Arbeitgeber zahlen 82 Milliarden wegen Krankheit
Die Arbeitgeber in Deutschland dringen auf Entlastung. Ein wachsender
Kostenpunkt ist die milliardenschwere Lohnfortzahlung. Ein Institut
macht Vorschläge.
Berlin (dpa) - Hohe Krankenstände und mehr Beschäftigung haben in
Deutschland die Aufwendungen der Arbeitgeber für erkrankte
Beschäftigte auf rund 82 Milliarden Euro im Jahr 2024 nach oben
getrieben.
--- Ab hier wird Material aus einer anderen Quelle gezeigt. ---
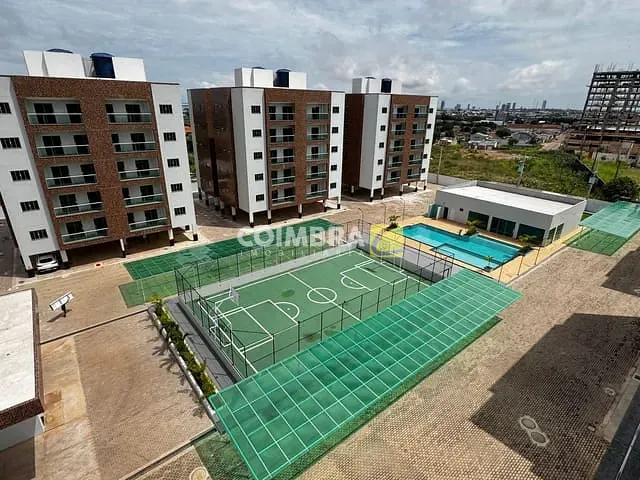 Apartamento com 112m² 3 quartos e 2 banheiros, à venda, no bairro Elcione Barbalho em Santarém
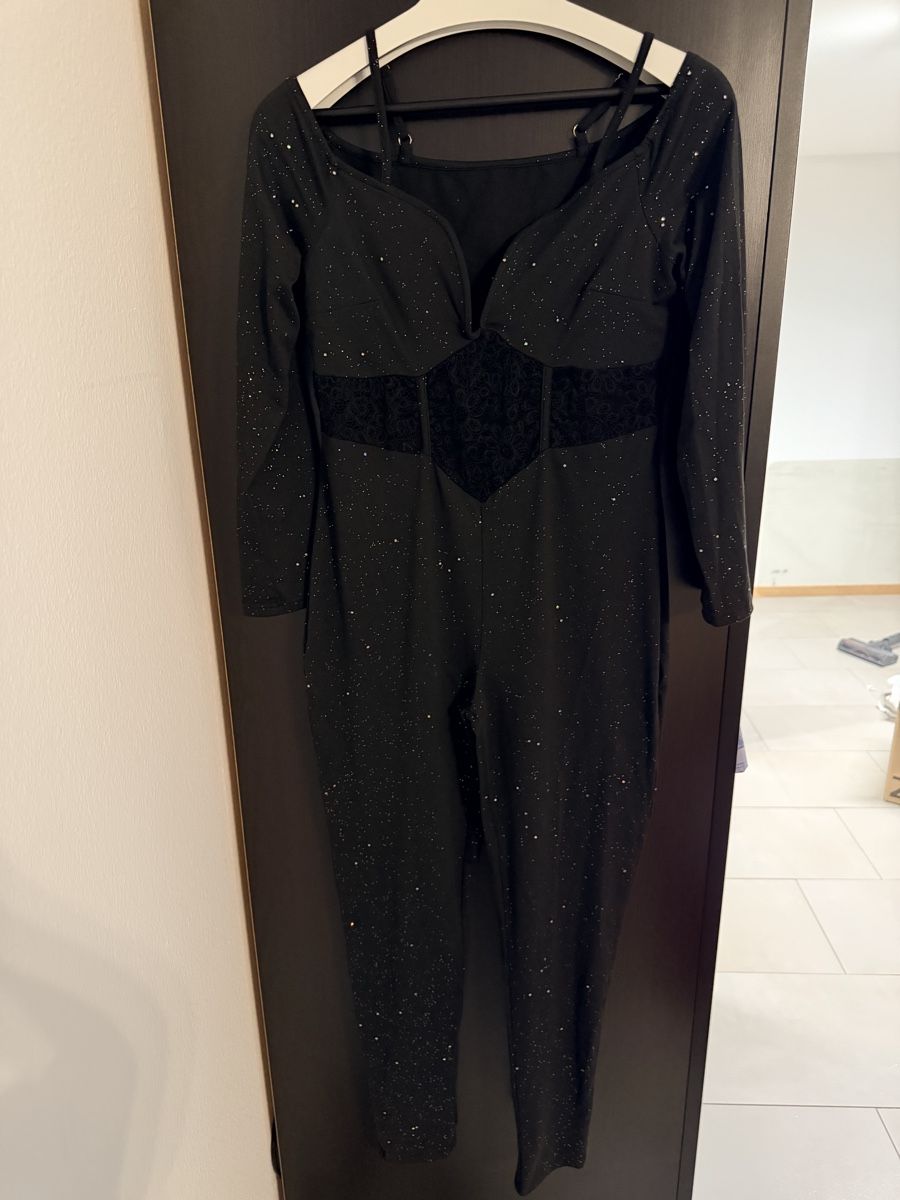 Jumpsuits: Jumpsuit Gr. M-L – Neu (gemäss Beschreibung) aus Brunnen von ser_jhv7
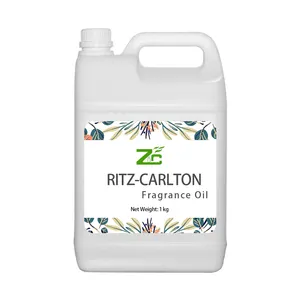 100% Pure Natural Essential Oil Ritz-Carlton 1000ML/Bottle for Perfume Fragrance Oil diffuser Scent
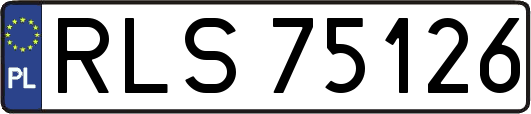 RLS75126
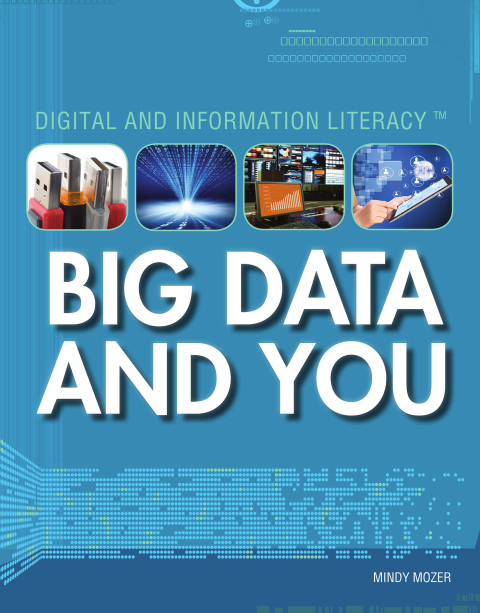 Cover image for book Big Data and You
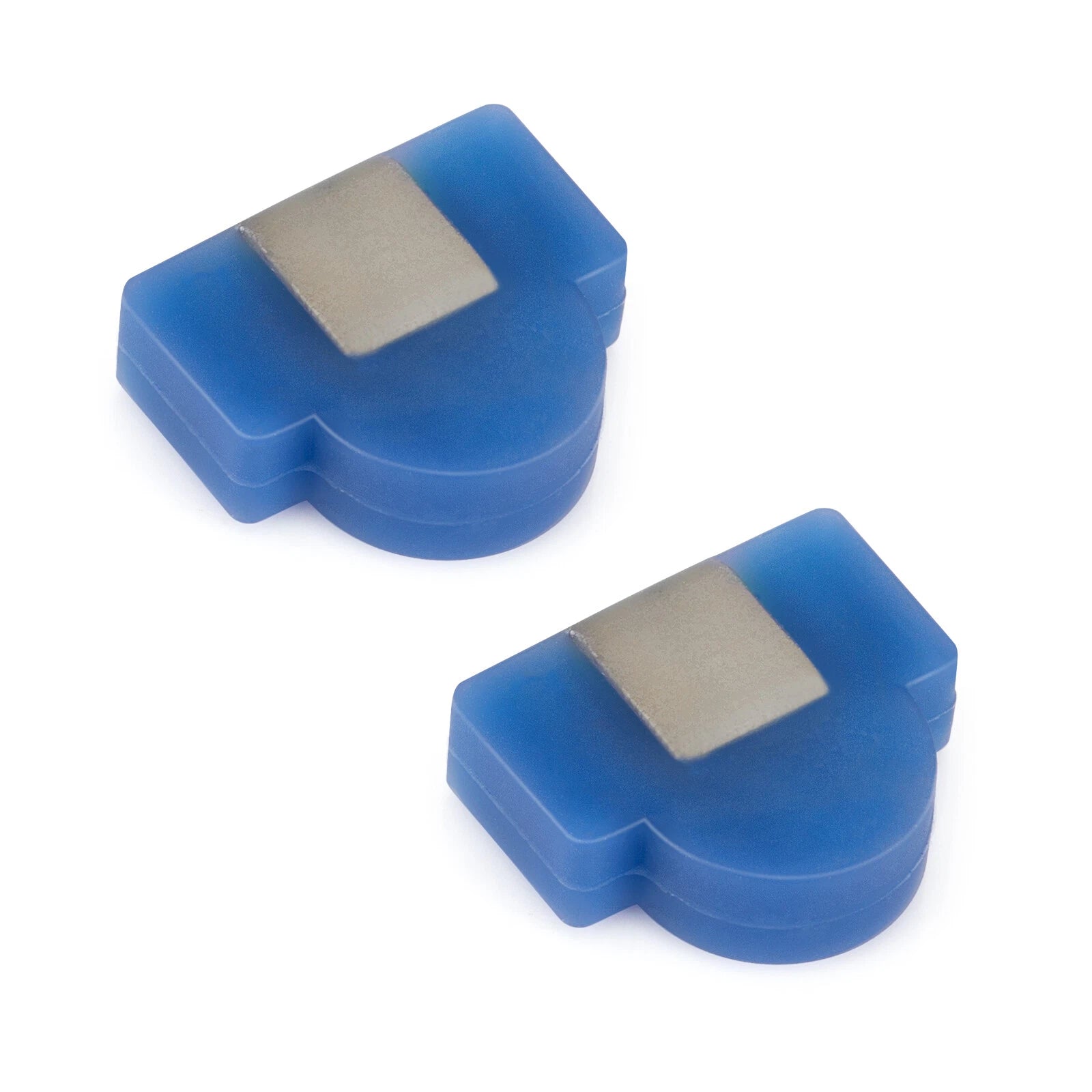 2Pcs Cam Chain Roller Pin Rubber for Honda CL350 SL350 CB350G CB350K (1968–1973)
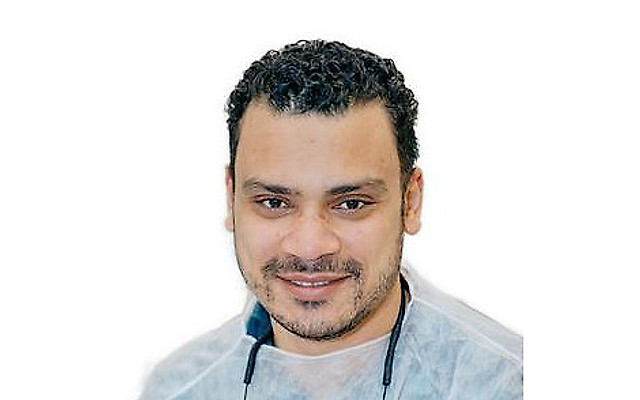 Ибрахим Ахмед Мохамед
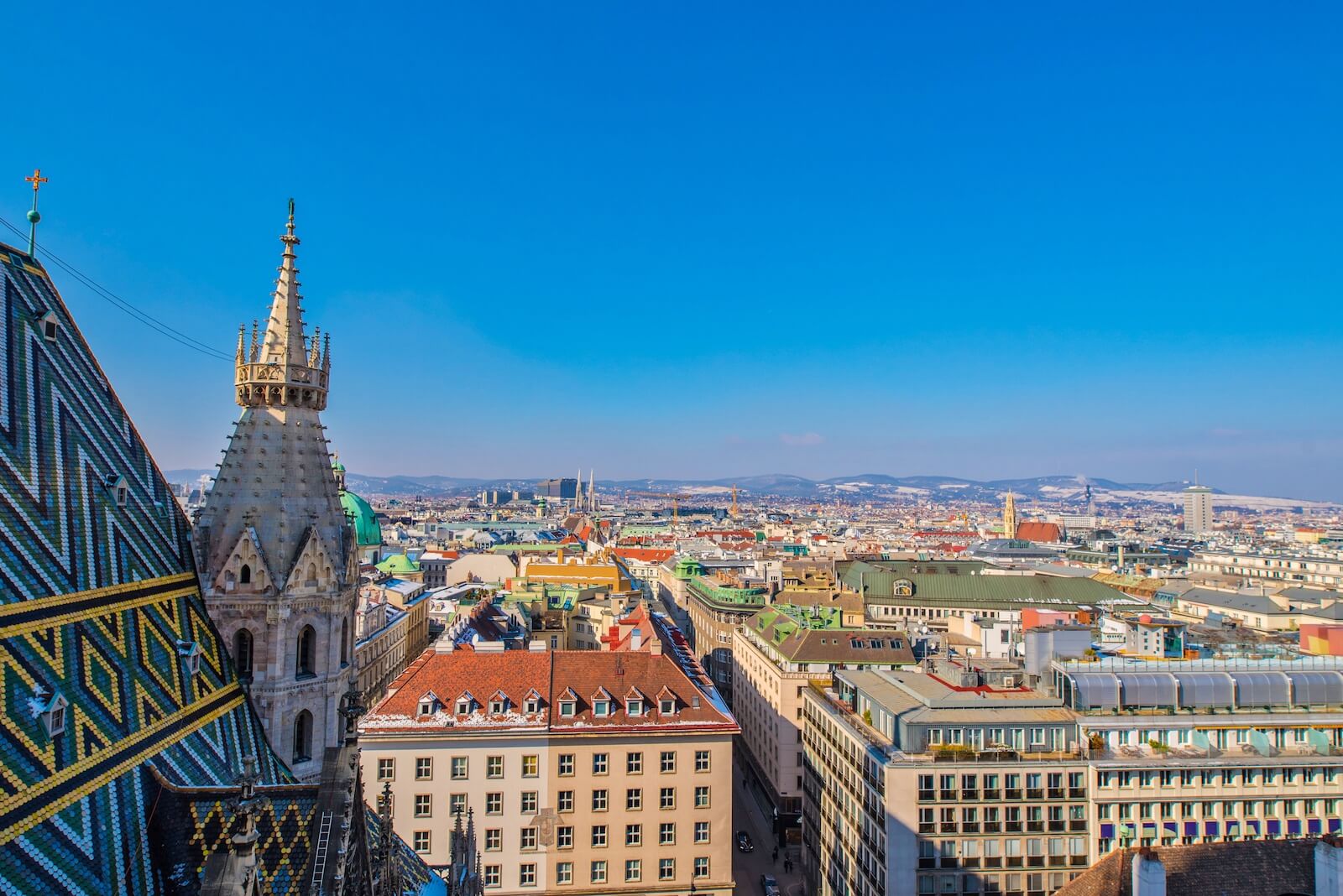 Übersetzungsagentur Wien - Dokumente übersetzen Deutsch Englisch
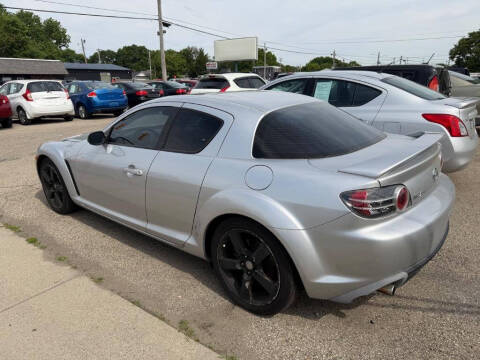 2005 Mazda RX-8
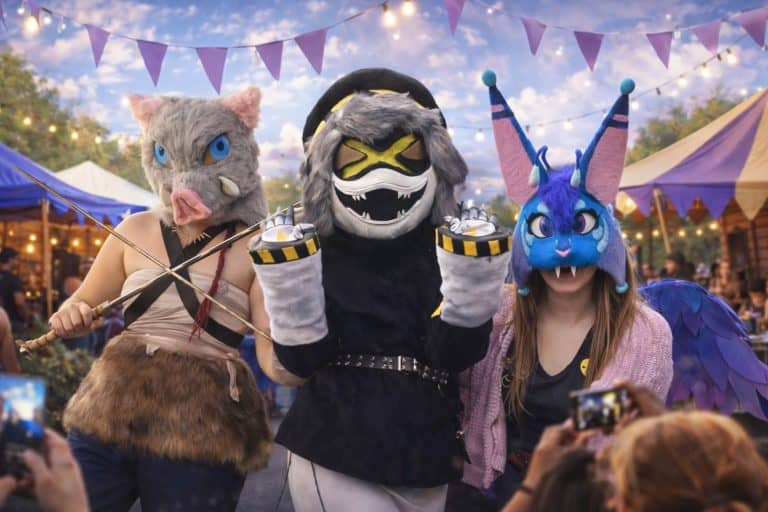 coplay costumes photo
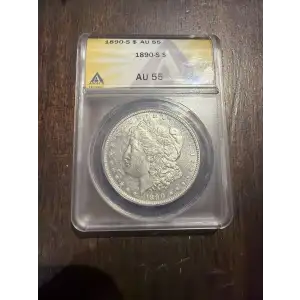 Morgan Silver Dollar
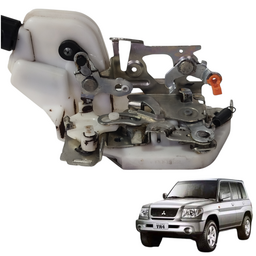 Fechadura Porta Dianteira Direita Pajero Tr4 1998 A 2009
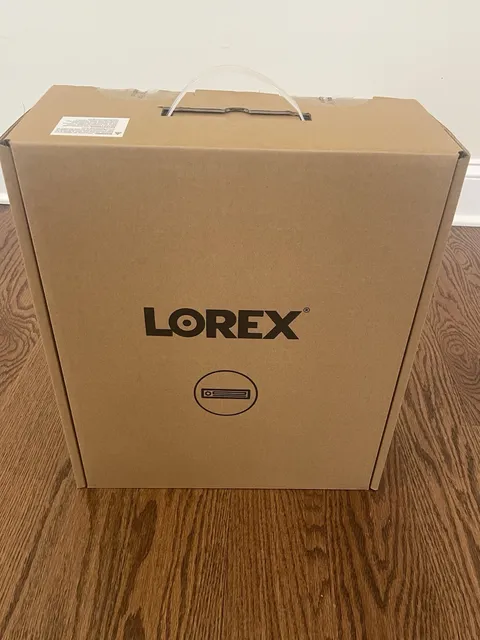 Lorex N842A82 8-Channel 4K NVR with 2TB New /Open Box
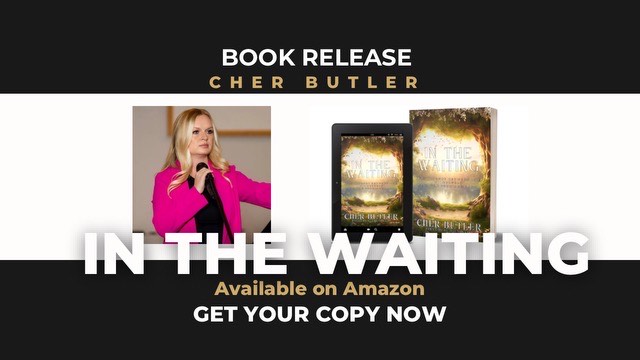 ep 210 - in the waiting cher butler book release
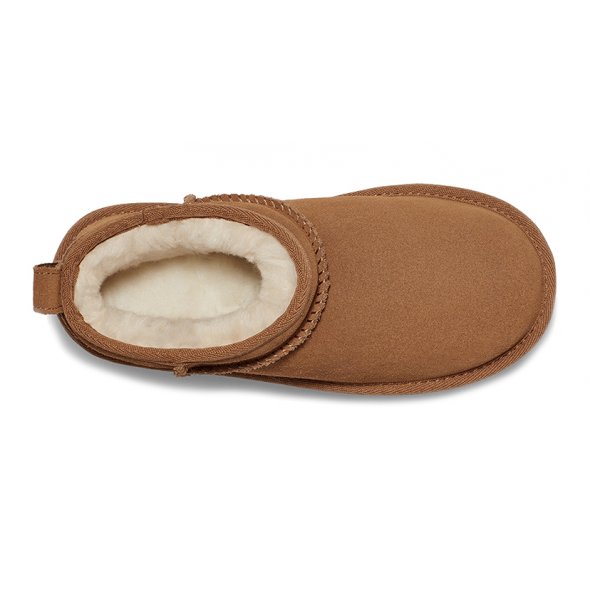 Ugg Kid's Classic Ultra Mini Platform 1157791K CHE Ταμπά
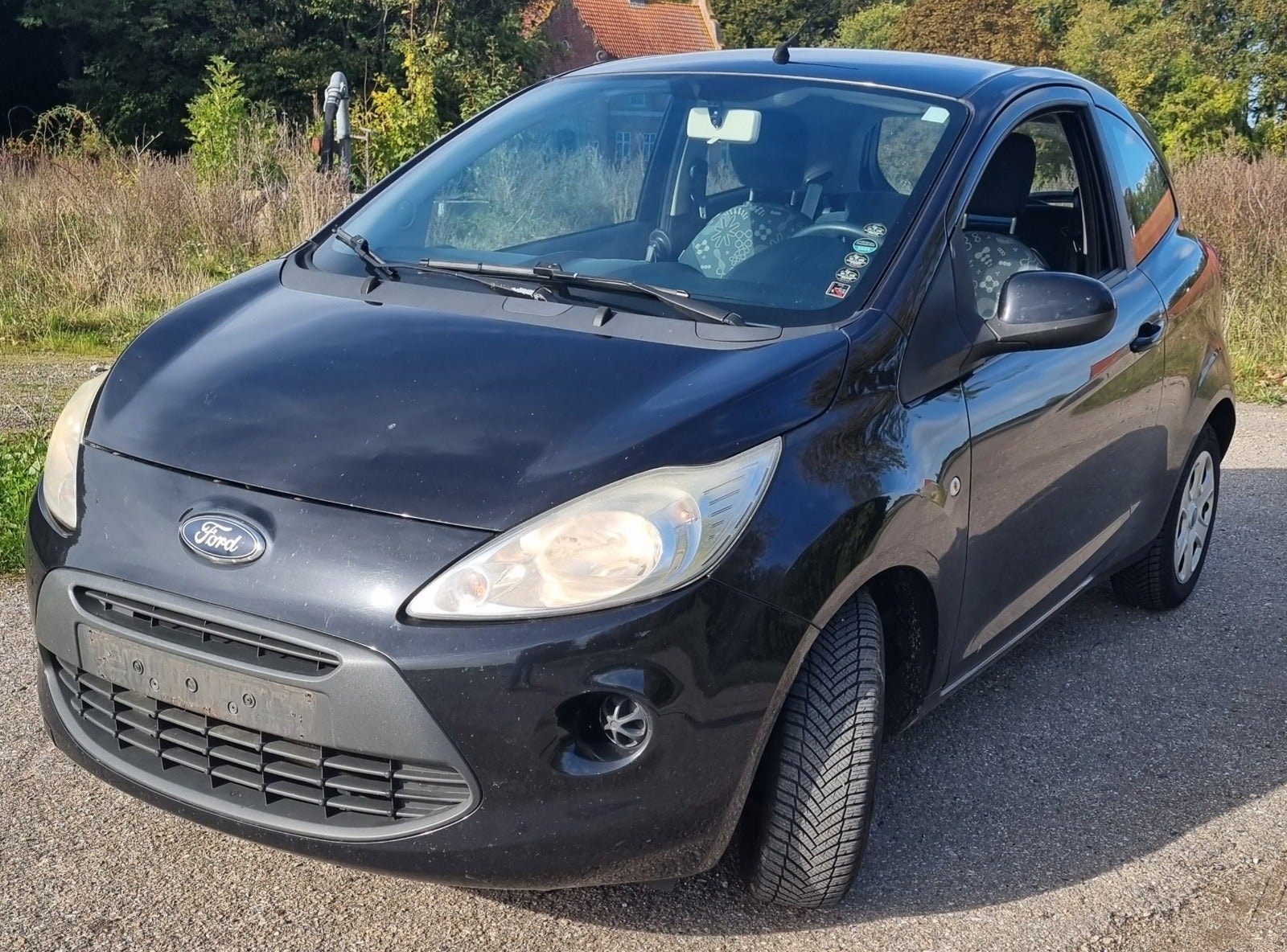 Ford Ka til salg hos Nabilli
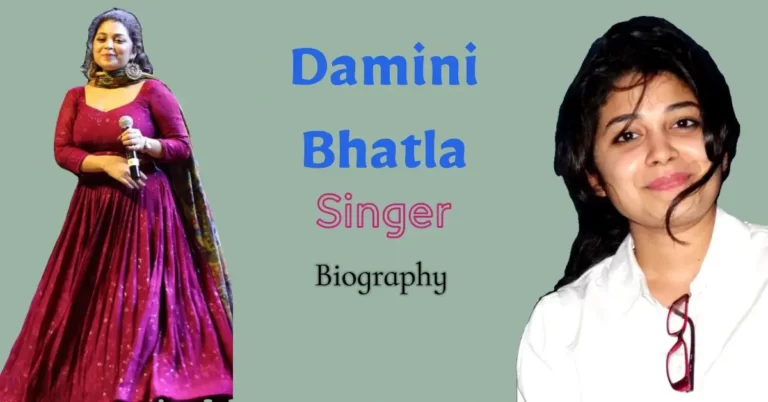 Damini Bhatla Bio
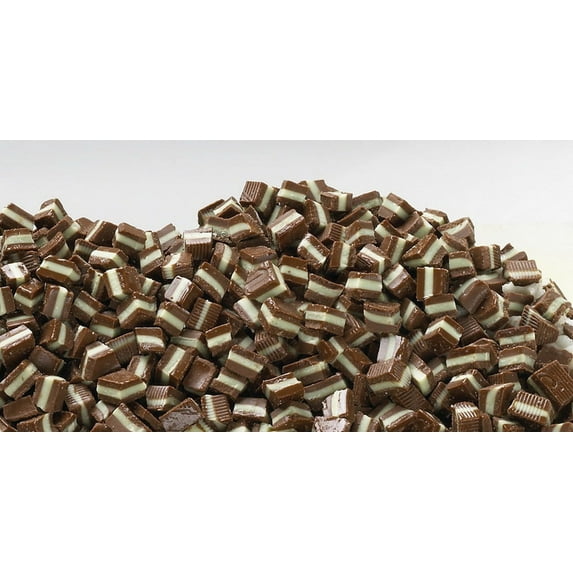 (Price/Pack)Andes Creme De Menthe 20# Bulk Chips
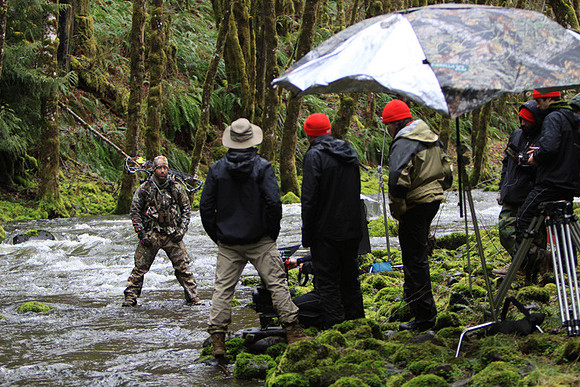 Under Armour  Production  Photos
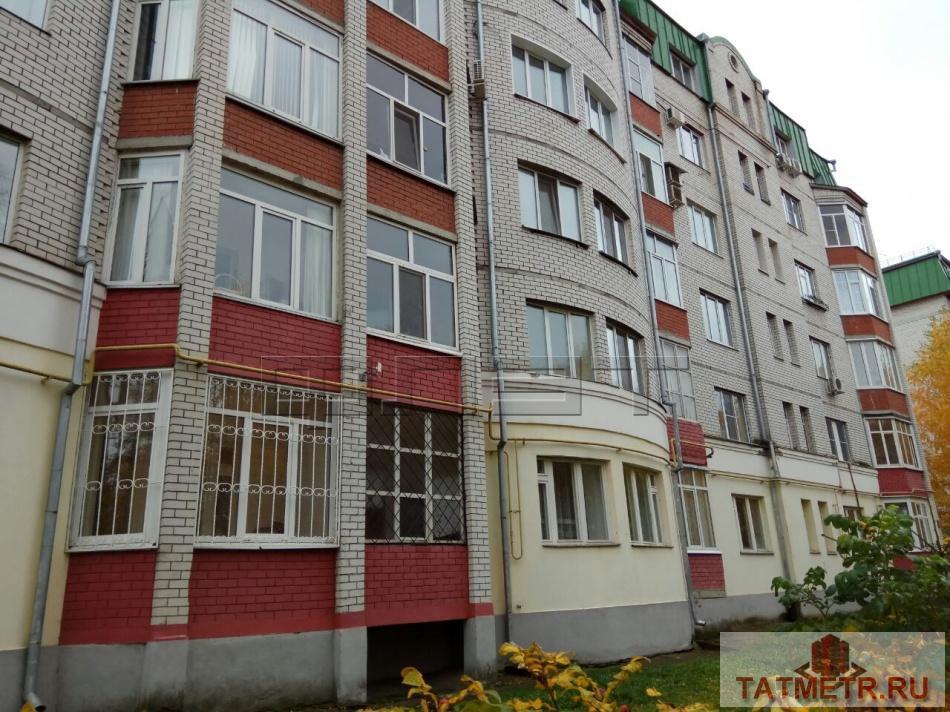 Продажа / Квартиры, Казань, Николая Столярова улица, 6 720 000 Кировский район,Столярова,д.5. Просторная,светлая 3х-комнатная квартира 113,1кв.м.,в тихом,зеленом уголке Кировского... - 9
Binnen drei Jahren seien die Kosten um 10 Milliarden Euro
gestiegen, ermittelte das Institut der deutschen Wirtschaft (IW).
Institut für Karenztage
Der Steuer- und Sozialexperte Jochen Pimpertz des arbeitgebernahen IW
weist auf verschiedene Vorschläge hin, um diesen Kostenfaktor zu
begrenzen. Karenztage zum Beispiel: «Die Gehaltszahlung würde zu
Beginn
einer Erkrankung für einige Tage ausgesetzt.» Alternativ ließen sich
Karenzzeiten definieren, in denen das Gehalt auf reduziertem Niveau
gezahlt werde, sagt Pimpertz. Entlastung sei jedenfalls dringend
geboten.
Anderer Vorschlag: Kürzere Lohnfortzahlung
Auch ließe sich die Dauer der Entgeltfortzahlungsverpflichtung
begrenzen, so der IW-Experte. Dies gelänge zum Beispiel durch eine
Einschränkung bei wechselnden Diagnosen.
Aktuell wird das Gehalt höchstens sechs Wochen im Jahr weitergezahlt
- außer bei einer weiteren Krankschreibung aufgrund einer anderen
Diagnose. Künftig könnte Pimpertz zufolge der Arbeitgeber auch bei
wechselnden Diagnosen insgesamt nicht länger als sechs Wochen pro
Jahr Gehalt zahlen müssen.
Anstieg seit 2010 um das 2,2-Fache
Laut der Studie stieg die Summe der Aufwendungen für kranke
Beschäftigte seit dem Jahr 2010 um das 2,2-Fache. Das IW fasst darin
die Aufwendungen der Arbeitgeber für die weitere Überweisung des
Gehalts - laut Sozialbudget 2024 insgesamt 69,1 Milliarden Euro -
zusammen mit den Arbeitgeberanteilen am Sozialversicherungsbeitrag.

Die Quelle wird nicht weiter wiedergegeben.